Dog’s Movie House: “Megalopolis” Ambitous, Hopeful, Frustrating, Yet Endlessly Watchable!
“Megalopolis” is set in an unknown time in a city called “New Rome.” It’s clearly New York, but Coppola dives full bore into the Roman aesthetic to illustrate the parallels between the fall of the Roman Empire and slow decline of American society. Our main character is an influential architect named Cesar Catilina (Adam Driver), a driven man obsessed with using a newly formed substance called Megalon (sounds like a Transformer, doesn’t it?) to create a living city called Megalopolis. He also has the ability to stop and start time with a simple command (although it’s never explained how he aquired these powers) He’s the head of an organization called the Design Authority, and he is constantly butting heads with New Rome’s beseiged Mayor Cicero (Giancarlo Esposito).
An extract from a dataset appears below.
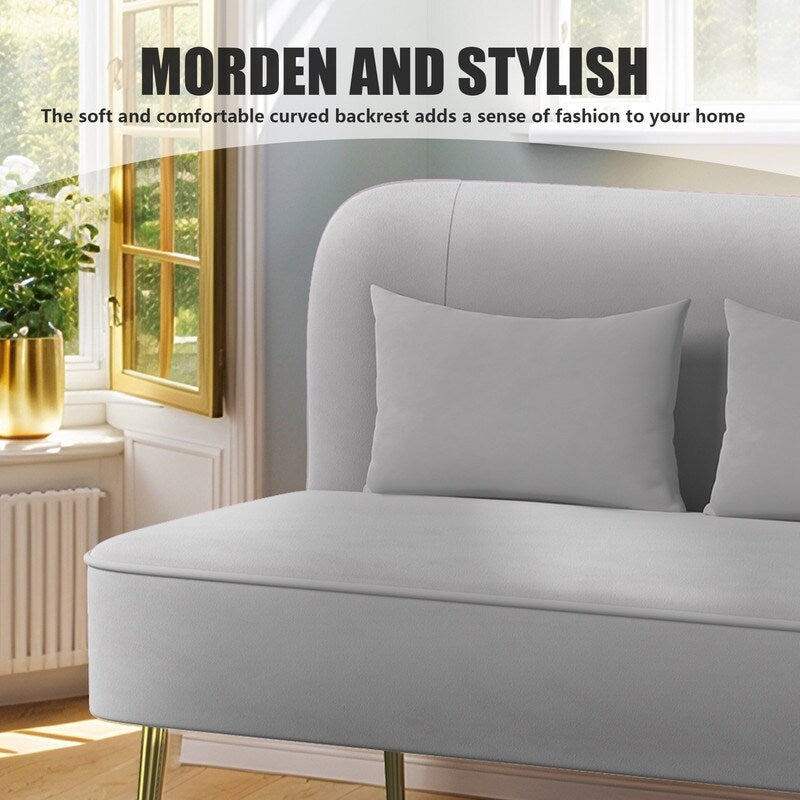 Divano a due posti imbottito in velluto trapuntato con cuscino spesso in metallo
To make matters even more tense, Cesar has fallen in love with Cicero’s daughter Julia (Nathalie Emmanuel) and is surrounded with enemies trying to bring him down, such as cousin Clodio Putcher (Shia LeBeouf) and former lover turned scorned power broker Wow Platinum (Aubrey Plaza), who marries the old yet powerful Hamilton Crassus III (Jon Voight) just to screw with her former lover. All of this is narrarated by Cesar’s assistant, Fundi Romaine (Laurence Fishburne) who recites like he’s planning a tell-all book one day.
Based on that description alone, “Megalopolis” sounds like it should be a straightforward story about a fractious family trying to outdo one another by any means possible. (Sort of a “Godfather” set in the future, right?) But Coppola has a lot more on his mind than simply family confllict. His film is filled with big ideas, so many in fact that they seem to jostle against each other like over eager patrons in a crowded elevator. Coppola also fills “Megalopolis” with so much crazy imagery that the lines between allegory and straightforward narrative are blurred to the point of cinematic anarchy at times.
I understand what Coppola is trying to do, I really do, but the long gestating passion project seems to serve as a surplus of potential riches for him and the film is a mess because of it. There is a poignant message about the everlasting hope for the human condition despite the many terrible aspects about humanity, yet the film indulges in these terrible events for so much of “Megalopolis'” run time that the effect of said message feels diluted or prefunctory somehow. For example, there is an inordinate amount of time spent at a lavish party held at Madison Square Garden celebrating the marriage of Crassus III and Wow Platinum. I know it’s meant to further the parallel between the Roman Empire and American Society but it goes on waaay to long and has too many moments that seem self-indulgent. A drunk Cesar repeating a couple of his mantras for ten-plus minutes while hallucinating is way too much for this moviegoer.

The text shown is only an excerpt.